# LGD crosses (breeding)



## JPiantedosi (Apr 23, 2012)

Ok. I know that alot of folks use LGDxLGD crosses generally some GPx?? breeding.
However I come from field trial German Shorthairs and Pointers and even though I have seen (and owned) a few nice "drops" it is not really viewed as a good thing. besides the issues of papers and pedigree you really never know which cheracteristics of a given breed will show up in a cross.

But i see folks cross breeding LGDs almost as often as you see them doing purebred breedings. 

Now, My question is this...... As long as you stick with working LGDs is it more or less possible to cross any breeds of LGD and expect to get good results? Are there some crosses that folks tend to stay away from? Are some better than others?

The reason I ask is we currently have 2 male LGDs 3/4 sarplaninac X 1/4GP, and I am negotiating a deal on a pair of GPxAnatolian pups for our other farm. Locally true working LGDs are kinda hard to come by and at a later date I would consider breeding one of my SarpxGPs to one of the GPxAnatolians for replacement stock. Or am I better off to just run these dogs and replace them with bought dogs when the time comes?
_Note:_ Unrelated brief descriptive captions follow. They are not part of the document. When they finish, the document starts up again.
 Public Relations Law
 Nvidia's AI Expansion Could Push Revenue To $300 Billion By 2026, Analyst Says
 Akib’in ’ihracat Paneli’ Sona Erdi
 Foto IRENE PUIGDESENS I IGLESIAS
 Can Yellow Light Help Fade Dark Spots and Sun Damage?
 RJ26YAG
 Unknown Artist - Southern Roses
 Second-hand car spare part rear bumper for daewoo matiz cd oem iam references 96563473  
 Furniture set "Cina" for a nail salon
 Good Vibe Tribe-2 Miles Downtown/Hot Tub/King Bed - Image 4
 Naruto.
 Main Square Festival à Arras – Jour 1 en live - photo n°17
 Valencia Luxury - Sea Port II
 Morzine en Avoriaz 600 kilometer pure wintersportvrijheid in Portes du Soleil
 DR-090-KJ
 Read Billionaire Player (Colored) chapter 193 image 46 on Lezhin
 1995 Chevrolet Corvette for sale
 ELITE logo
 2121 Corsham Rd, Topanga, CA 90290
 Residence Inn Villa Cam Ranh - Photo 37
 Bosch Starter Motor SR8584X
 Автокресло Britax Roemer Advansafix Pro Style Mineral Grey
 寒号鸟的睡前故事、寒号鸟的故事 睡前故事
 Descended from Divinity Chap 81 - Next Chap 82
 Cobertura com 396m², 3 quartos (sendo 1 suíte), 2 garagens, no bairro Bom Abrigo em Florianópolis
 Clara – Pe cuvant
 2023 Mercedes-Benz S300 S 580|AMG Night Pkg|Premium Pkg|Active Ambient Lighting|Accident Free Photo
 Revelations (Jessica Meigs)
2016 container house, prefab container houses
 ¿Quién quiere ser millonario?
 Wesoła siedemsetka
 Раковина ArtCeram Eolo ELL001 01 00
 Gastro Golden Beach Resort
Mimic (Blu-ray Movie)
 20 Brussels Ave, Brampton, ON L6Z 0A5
Hopefully this makes sense

Thanks
Jim


----------



## Pops2 (Jan 27, 2003)

If the dogs do the same job the same way, you rarely have any more wasteage in a crossbreed litter than a purebred. For example you'll get just as many good wolfing hounds from crossing a top notch July & a hard Croghan as you will pure breeding either. You start getting waste when you cross different styles of dog but don't want one of the styles, say a pointer to springer but wanting a rock solid point. But a lot of that is personal preference too. Like crossing an open jagdterrier to a silent patterdale, if you don't give rat's butt either way you'll get dogs that use their voice to various degrees, butt most will put fur at the end of the run & if they can they'll kill it for you.


----------



## OurLilHomestead (Jan 19, 2008)

We are fairly new to the LGD breeds. We have one dog that's a Great Pyrenese mixed with an Anatolian Sheperd. He is such a great dog, that he has trained our Rottie how to work. We have another Great Pyrenese but she is mixed with Komodore & though she's a bit young, she knows her job too. She is much smaller than the other LGD.


----------



## BarbadosSheep (Jun 27, 2011)

LGD/LGD crosses are usually fine. The only think you need to watch for is crossing only dogs that have similar guarding styles. For example, Central Asian Shepherd dogs don't really bond with stock.....they are more of a perimeter guard type. Crossing that with a Pyr might result in some odd guarding behavior. But crossing ASD with Pyr is fine. Many people try crossing to produce a certain type....such as shorter coats of the ASD, less barking like the ASD but gentler disposition of the pyr but genetics don't really work that way. You will get a mix of everything.


----------



## Judy in IN (Nov 28, 2003)

I think the reason they cross Anatolians and Pyrs might be that there just aren't very many ASD in my area. I saw a CL ad recently, where a guy was selling Bernese Mountain Dog/Pyr crosses for $500! I didn't sell my Anatolians (purebred) for that much! Guess I am behind the times.


----------



## BarbadosSheep (Jun 27, 2011)

sadly, "designer breeds" AKA mutts seem to sell just as good or in many cases BETTER than purebred of either parent! I know there are very few ASDs in my area too, I had to "import" them from Missouri. I am glad I did...they handle the South Carolina summers much better than the heavy coated Pyrs. I am not sure why more farmers around here don't use them.


----------



## tracerracer (Oct 6, 2012)

My pup is a cross, and I got her partly because I couldn't afford 'purebred'......... ASD, for instance, I really like this breed, BUT, 'locally' ( with in 100 miles one way) purebred run 1500.00 for 'NON'breeding dogs...... IF, I decided to breed, it would be 2500 .......... Sorry, I won't agree or pay that .......... Purebred, certified and papered every way to Sunday means less than squat to me, I just want a healthy working dog, which I have now  )


----------



## boerboy (Oct 7, 2012)

Very very useful thread

One question though, why no one mentioned Boerboel?


----------



## Otter (Jan 15, 2008)

BarbadosSheep said:


> The only think you need to watch for is crossing only dogs that have similar guarding styles.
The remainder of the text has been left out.